Non-Constitutional Bodies
Non-Constitutional Bodies — NITI Aayog · National Development Council
Story hook
On the morning of 1 January 2015, India's planners arrived at Yojana Bhawan in New Delhi to find the brass plaque outside the building had not been changed yet — but the institution it described had ceased to exist at midnight. The Planning Commission, set up by a Cabinet resolution of 15 March 1950 under the chairmanship of Jawaharlal Nehru, had drawn up twelve Five-Year Plans, allocated trillions of rupees to states, and presided over the steel mills, dams, and Green Revolution that defined post-independence India. In its place stood a new body with a Sanskrit name and a deliberately different remit: NITI Aayog — the National Institution for Transforming India.
The Cabinet resolution that abolished the Planning Commission did so without a single line in the Constitution being changed. The Planning Commission had never been a constitutional body. Neither was its replacement. Neither were the National Development Council, the Zonal Councils, or — strikingly — the Inter-State Council, which sits in Article 263 of the Constitution but exists only because the President set it up in 1990, more than four decades after the Republic began.
This is the strange backwater of Indian administrative law — bodies that command enormous influence and budgets, host Chief Ministers and Prime Ministers around the same table, and yet exist purely at the pleasure of an executive resolution.
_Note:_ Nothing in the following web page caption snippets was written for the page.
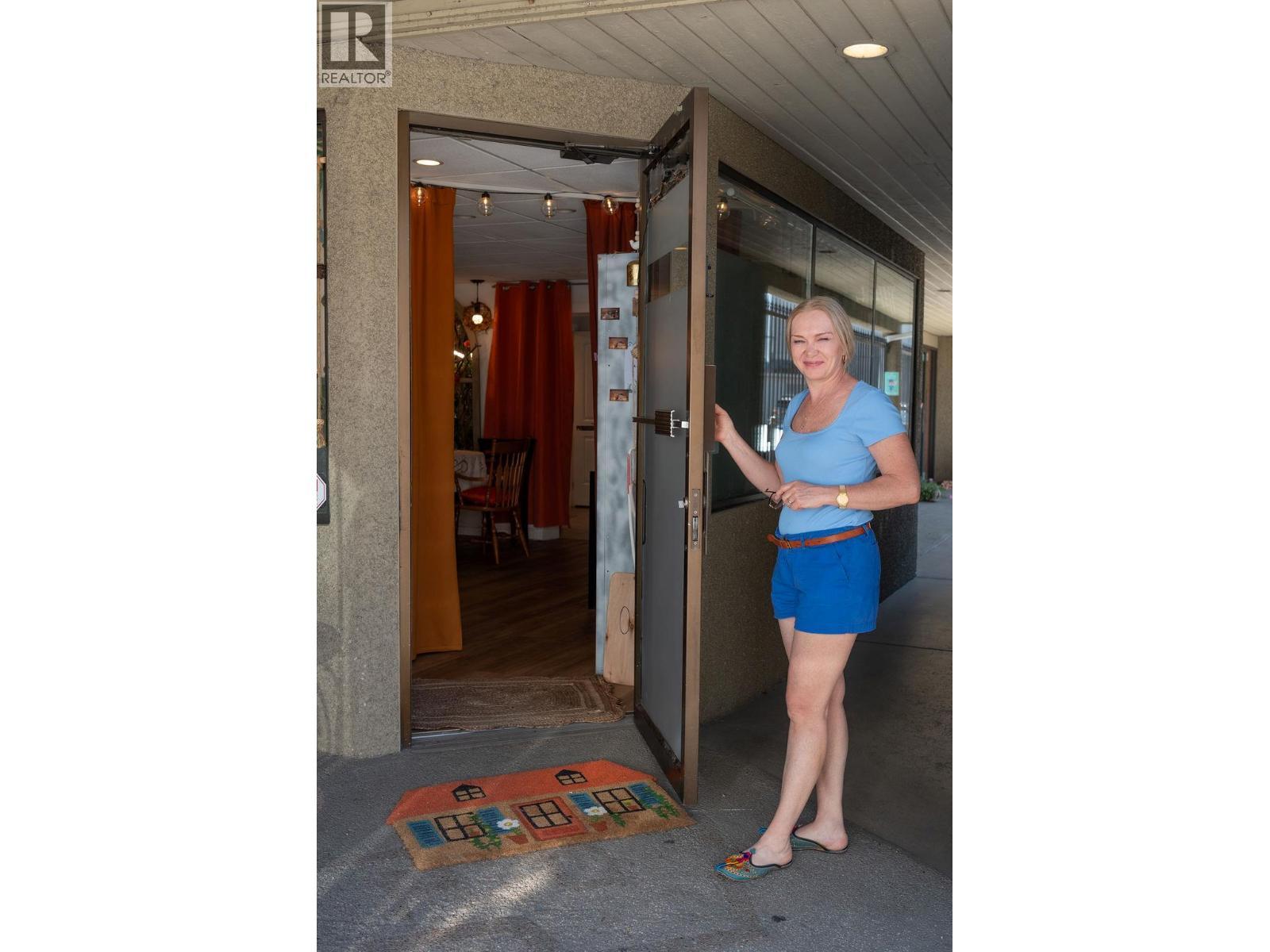 545 Lawrence Avenue Unit# 101a. Kelowna, British Columbia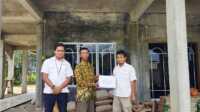 bantuan masjid dari timah Koordinator PPM PT Timah Tbk Unit Produksi Kundur Eka Budhy Susanto menyerahkan bantuan pembangunan Surau Baitul Ana kepada Ketua Pelaksana Pembangunan, Parmin pada Senin (19/6/2023). (Dok. PT Timah Tbk)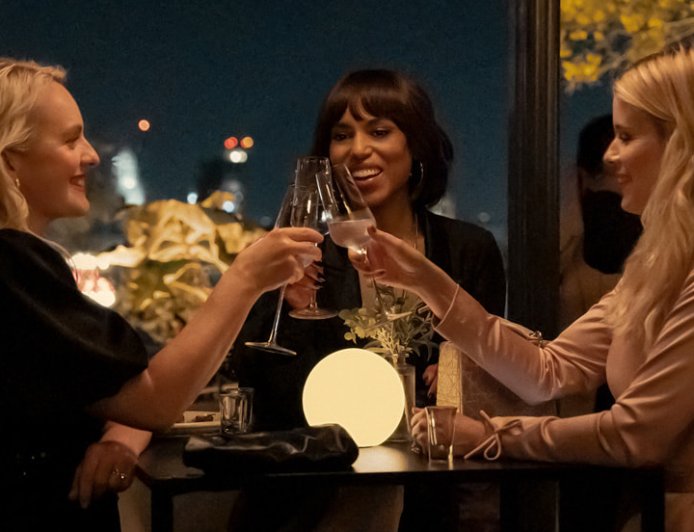 To Apple TV αποκαλύπτει τις πρώτες πληροφορίες για τη νέα limited σειρά Imperfect Women με τις Elisabeth Moss και Kerry Washington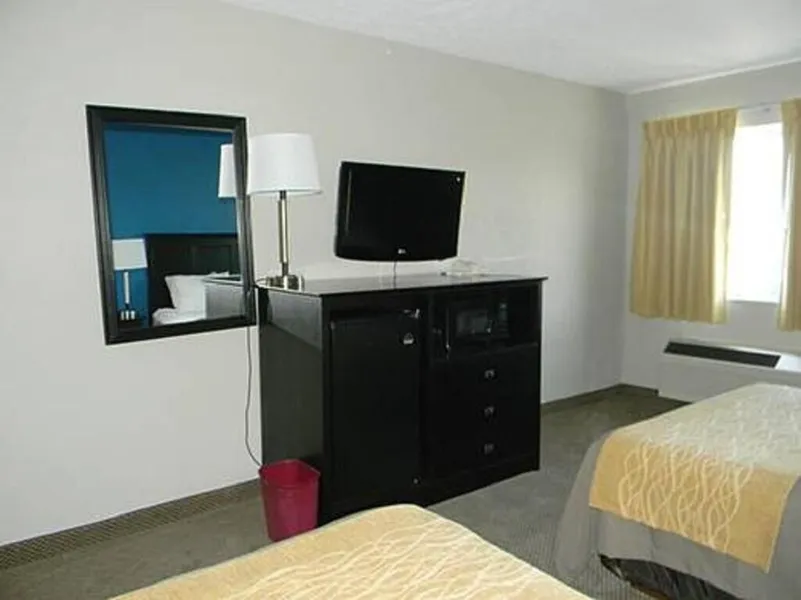 Boarders Inn & Suites by Cobblestone Hotels - Munising hotel detail image 6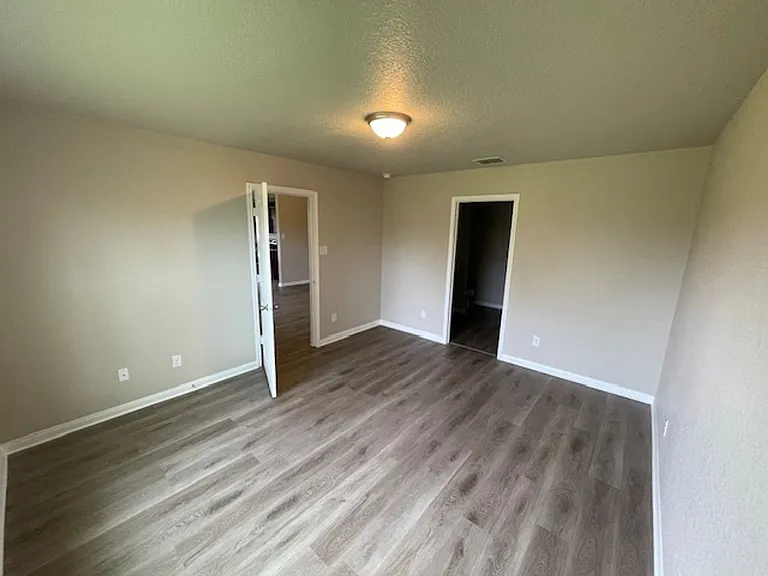 3618 Foster Mdws — Photo 15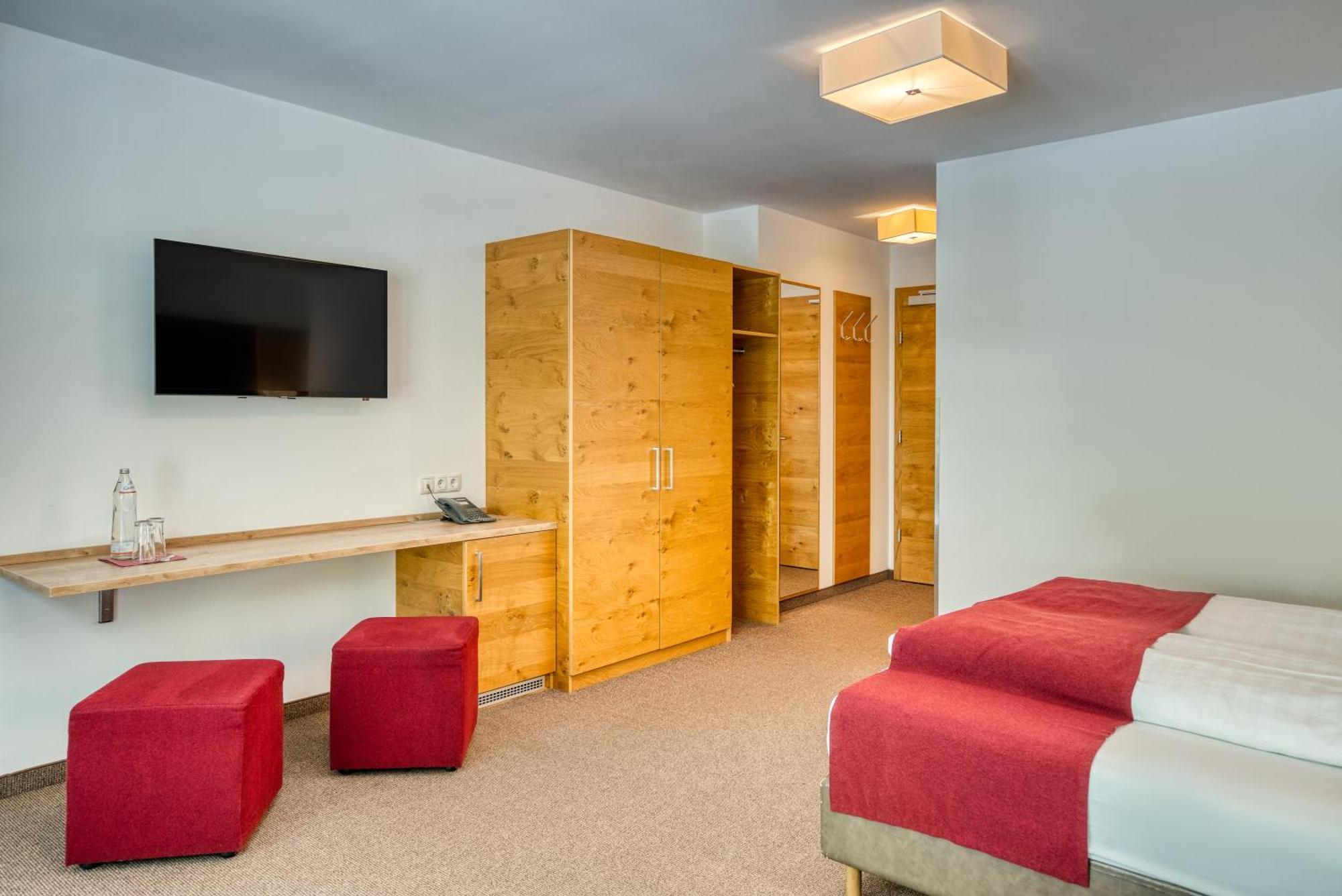 Mallaun Hotel.Erlebnis Зее Екстериор снимка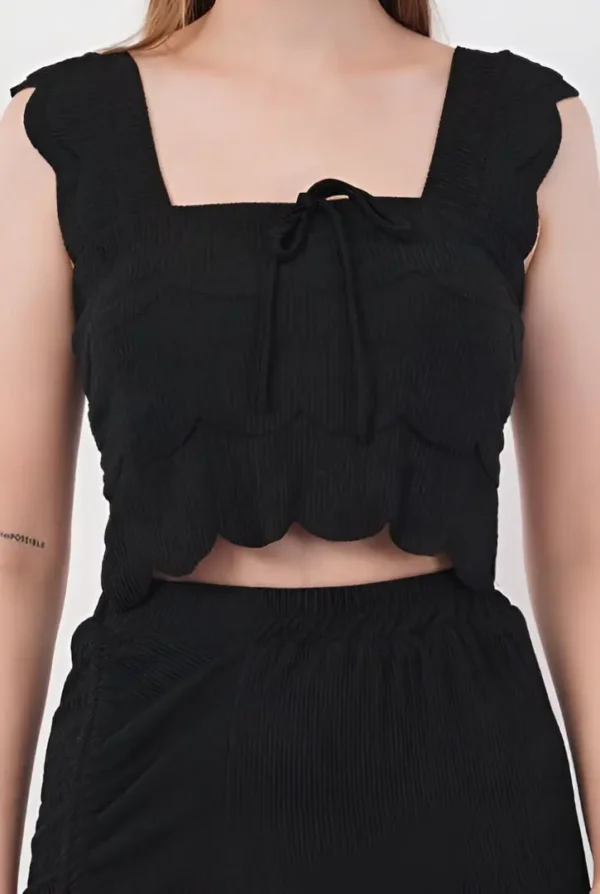 SCALLOP EDGE TEXTURED CROP TOP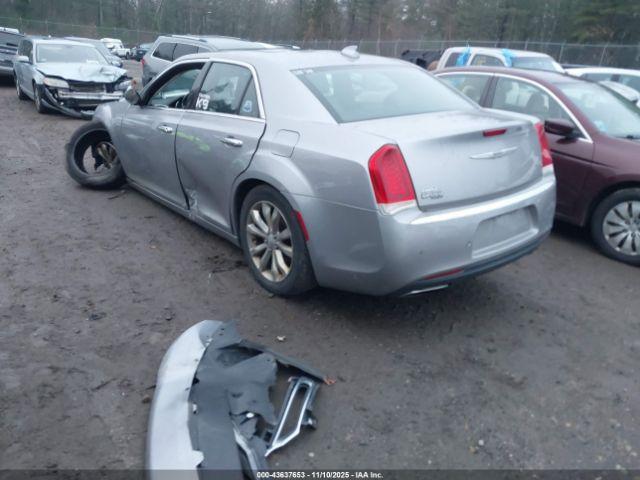 Chrysler 300c Awd Image 12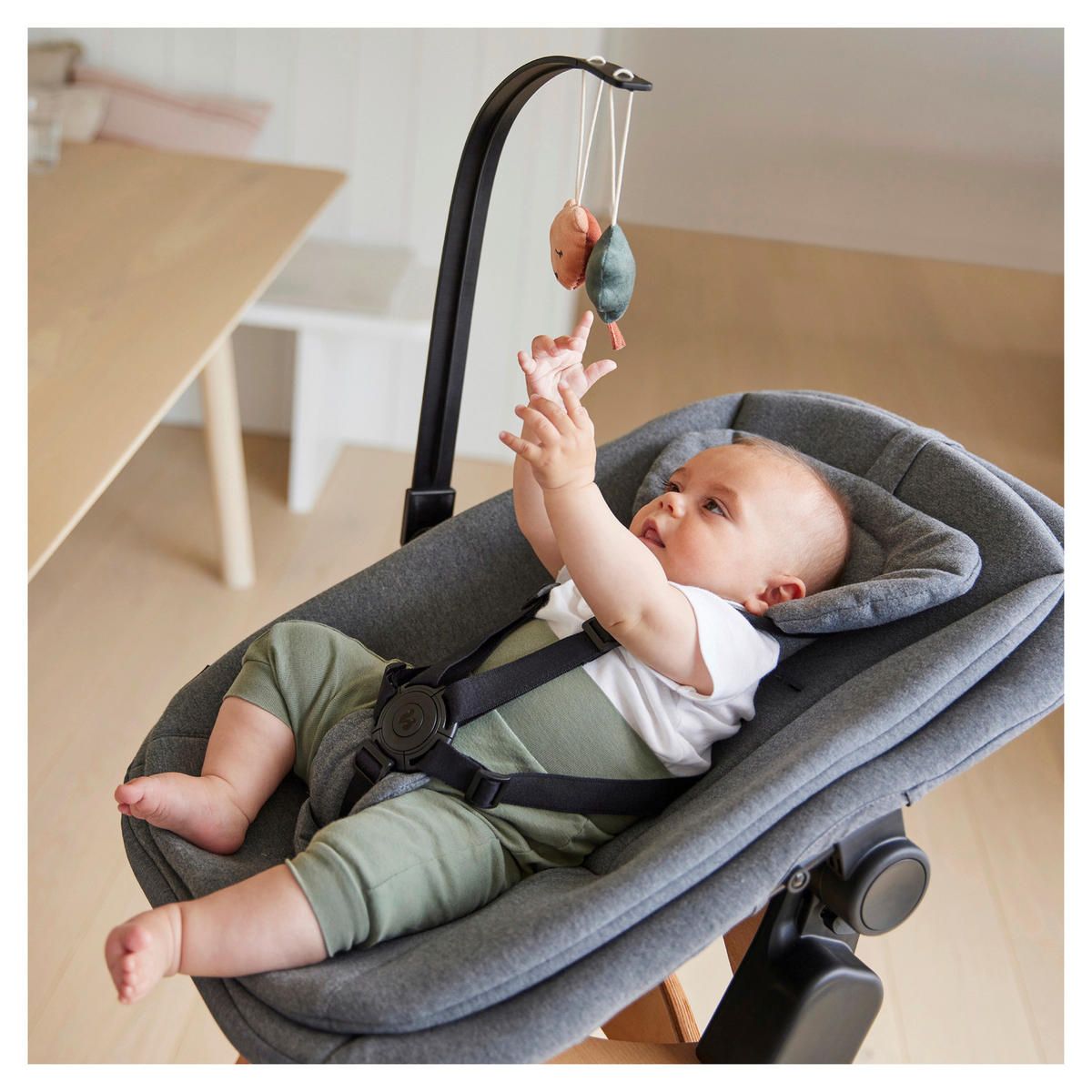 MOBILE Highchair Bouncer Mobile  - Basics (40/20/3,5cm) - Hauck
They can be created, restructured, or abolished overnight. Understanding them is essential to understanding how cooperative federalism — and competitive federalism — actually work in India.
Why this matters for UPSC
Non-constitutional / non-statutory bodies appear in UPSC Prelims every year as factual MCQs (which body? composition? chair? function?), and as the structural backbone for Mains questions on cooperative federalism, planning, and Centre-State relations. Interview boards probe the rationale for replacing the Planning Commission and the relevance of bodies like the Inter-State Council in a federation. Confusing constitutional, statutory, and executive bodies is a classic Prelims trap.